Source material ::
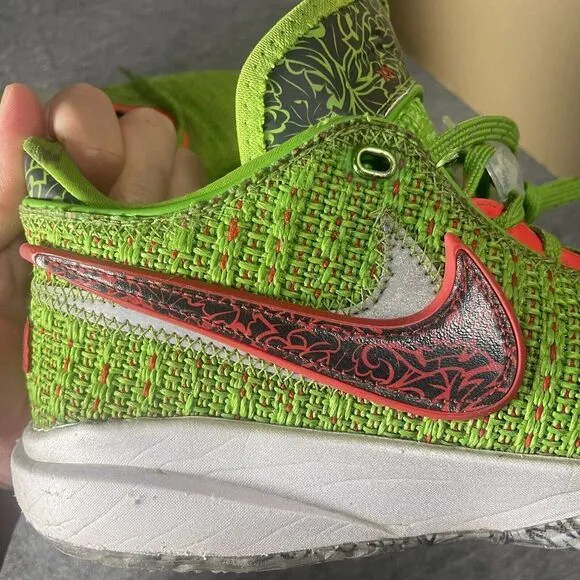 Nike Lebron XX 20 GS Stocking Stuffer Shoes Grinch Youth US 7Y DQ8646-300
--
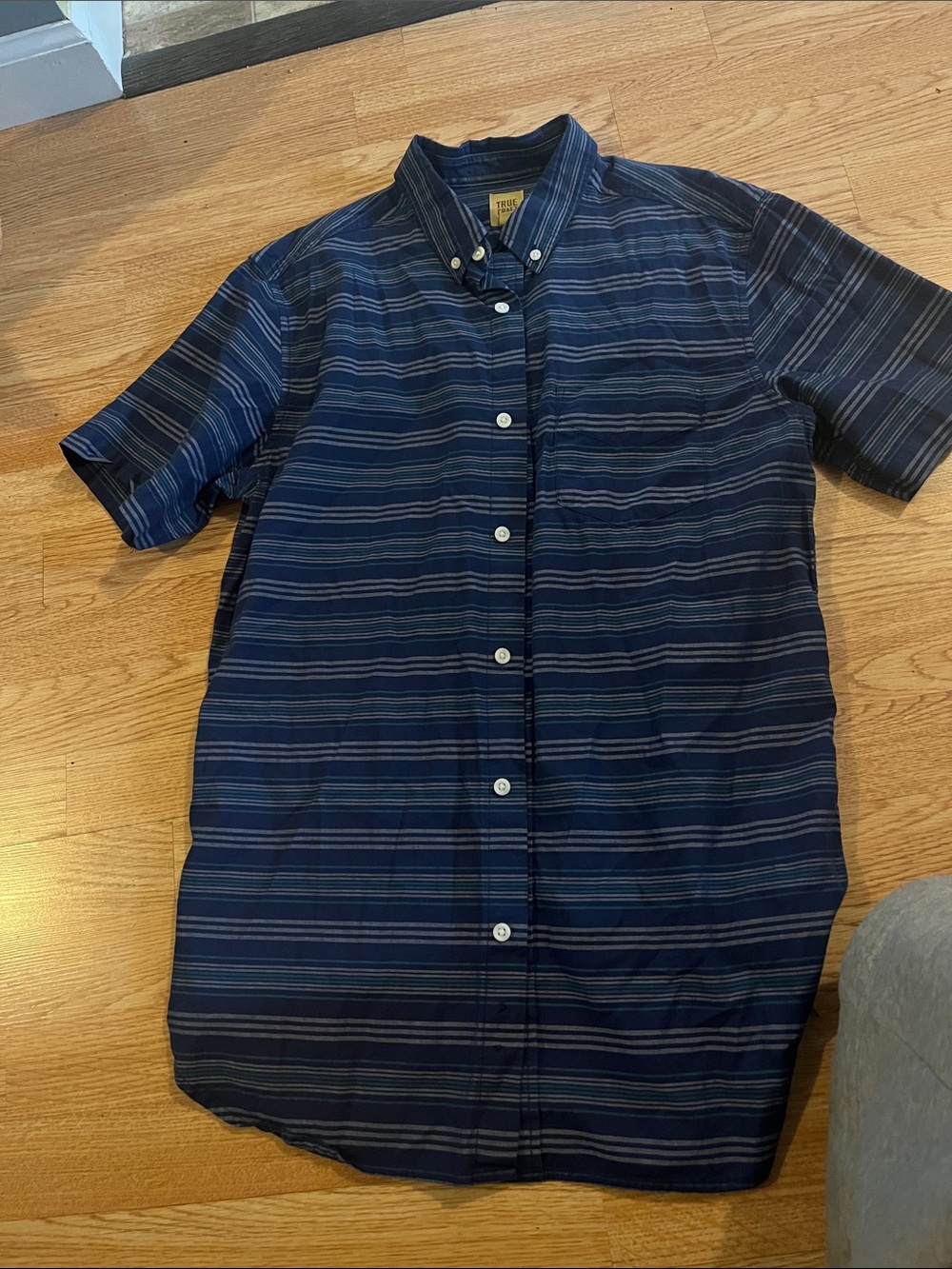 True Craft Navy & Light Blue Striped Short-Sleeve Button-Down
* * *
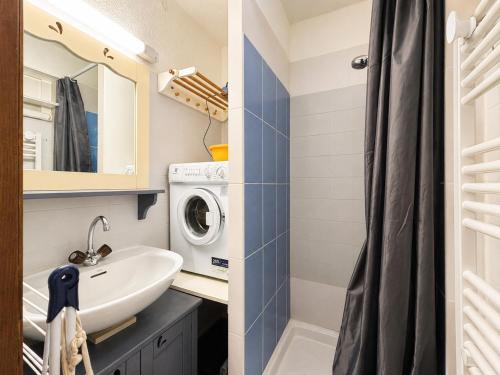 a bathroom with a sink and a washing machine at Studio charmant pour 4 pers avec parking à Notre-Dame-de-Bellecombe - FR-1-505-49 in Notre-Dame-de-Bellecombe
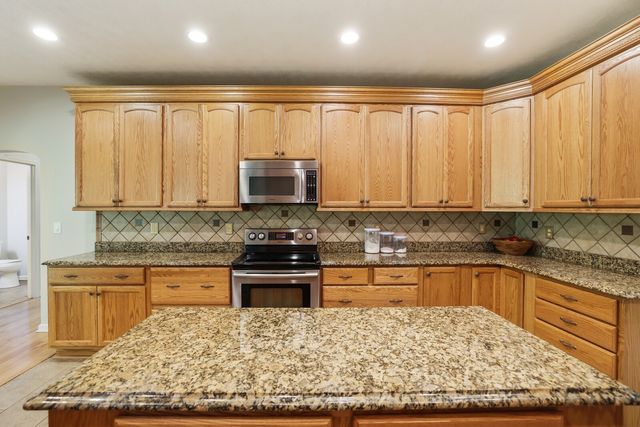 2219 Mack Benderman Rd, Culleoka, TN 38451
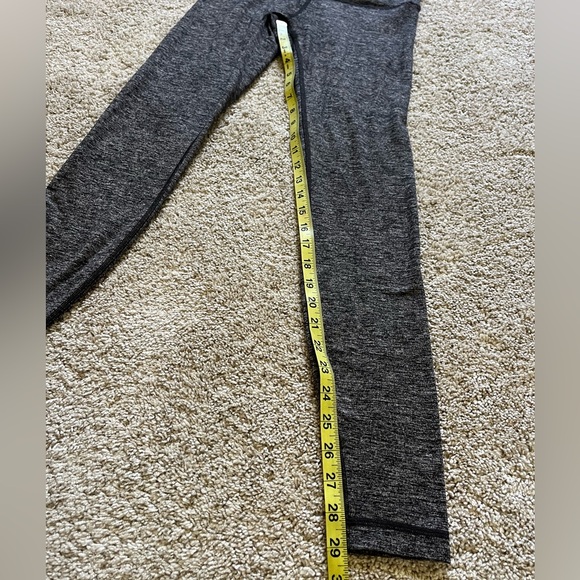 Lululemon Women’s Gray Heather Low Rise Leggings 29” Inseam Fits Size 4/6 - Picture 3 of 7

What is required ::
Print from the line containing "a bathroom with" through the line containing "Lululemon Women’s Gray" in the data above, exactly as the lines stand, and omit every picture.

The answer ::
 a bathroom with a sink and a washing machine at Studio charmant pour 4 pers avec parking à Notre-Dame-de-Bellecombe - FR-1-505-49 in Notre-Dame-de-Bellecombe
 2219 Mack Benderman Rd, Culleoka, TN 38451
 Lululemon Women’s Gray Heather Low Rise Leggings 29” Inseam Fits Size 4/6 - Picture 3 of 7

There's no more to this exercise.